• [Provided records]:
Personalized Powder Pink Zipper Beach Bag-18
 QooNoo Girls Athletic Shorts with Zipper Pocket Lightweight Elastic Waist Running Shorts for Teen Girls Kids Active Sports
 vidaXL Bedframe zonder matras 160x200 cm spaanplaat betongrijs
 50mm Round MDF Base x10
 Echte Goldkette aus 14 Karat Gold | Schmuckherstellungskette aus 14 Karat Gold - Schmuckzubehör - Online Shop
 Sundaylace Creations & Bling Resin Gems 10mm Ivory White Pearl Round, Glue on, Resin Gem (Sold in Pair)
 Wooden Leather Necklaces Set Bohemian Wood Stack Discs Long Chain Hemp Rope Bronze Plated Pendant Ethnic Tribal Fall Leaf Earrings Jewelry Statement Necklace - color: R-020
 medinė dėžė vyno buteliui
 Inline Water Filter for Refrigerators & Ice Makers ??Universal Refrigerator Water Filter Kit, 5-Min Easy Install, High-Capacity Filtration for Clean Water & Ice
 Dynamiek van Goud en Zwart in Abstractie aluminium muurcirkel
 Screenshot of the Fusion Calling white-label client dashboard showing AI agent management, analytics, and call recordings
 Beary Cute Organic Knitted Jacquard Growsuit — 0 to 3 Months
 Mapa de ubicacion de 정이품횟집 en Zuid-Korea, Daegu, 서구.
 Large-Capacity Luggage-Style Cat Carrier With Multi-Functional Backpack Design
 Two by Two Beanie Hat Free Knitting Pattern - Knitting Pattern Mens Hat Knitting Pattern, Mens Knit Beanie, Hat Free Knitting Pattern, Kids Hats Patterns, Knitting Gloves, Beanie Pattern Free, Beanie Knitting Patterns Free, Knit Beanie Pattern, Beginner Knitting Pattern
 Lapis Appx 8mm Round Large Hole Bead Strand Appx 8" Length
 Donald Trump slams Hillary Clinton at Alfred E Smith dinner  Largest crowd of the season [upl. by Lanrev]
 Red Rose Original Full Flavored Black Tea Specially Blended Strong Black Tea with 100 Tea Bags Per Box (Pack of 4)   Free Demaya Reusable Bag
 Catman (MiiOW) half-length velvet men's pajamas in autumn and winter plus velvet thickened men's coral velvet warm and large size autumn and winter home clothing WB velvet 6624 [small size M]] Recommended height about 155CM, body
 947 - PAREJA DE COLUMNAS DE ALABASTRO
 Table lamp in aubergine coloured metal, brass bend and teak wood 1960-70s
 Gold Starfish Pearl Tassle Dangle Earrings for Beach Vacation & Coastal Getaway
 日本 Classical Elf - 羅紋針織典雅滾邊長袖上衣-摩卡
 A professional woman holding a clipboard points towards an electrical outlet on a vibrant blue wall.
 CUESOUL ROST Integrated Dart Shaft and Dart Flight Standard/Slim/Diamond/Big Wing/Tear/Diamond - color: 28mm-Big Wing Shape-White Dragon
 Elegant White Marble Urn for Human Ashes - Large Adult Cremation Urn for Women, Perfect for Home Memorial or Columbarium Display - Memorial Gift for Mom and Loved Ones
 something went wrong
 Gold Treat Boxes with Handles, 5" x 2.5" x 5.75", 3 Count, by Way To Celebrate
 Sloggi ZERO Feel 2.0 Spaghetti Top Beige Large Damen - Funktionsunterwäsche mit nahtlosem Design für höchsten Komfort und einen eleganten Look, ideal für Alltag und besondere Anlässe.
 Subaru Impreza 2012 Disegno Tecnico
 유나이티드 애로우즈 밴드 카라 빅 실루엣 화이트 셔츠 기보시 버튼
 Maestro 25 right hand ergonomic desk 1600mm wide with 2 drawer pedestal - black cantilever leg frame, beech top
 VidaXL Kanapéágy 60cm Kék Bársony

• [Work to be completed]: When you reach the line with "CUESOUL ROST Integrated" in the records above, start writing out lines exactly, and stop once the line with "Gold Treat Boxes" has been written; include nothing else.

• [Result]:
 CUESOUL ROST Integrated Dart Shaft and Dart Flight Standard/Slim/Diamond/Big Wing/Tear/Diamond - color: 28mm-Big Wing Shape-White Dragon
 Elegant White Marble Urn for Human Ashes - Large Adult Cremation Urn for Women, Perfect for Home Memorial or Columbarium Display - Memorial Gift for Mom and Loved Ones
 something went wrong
 Gold Treat Boxes with Handles, 5" x 2.5" x 5.75", 3 Count, by Way To Celebrate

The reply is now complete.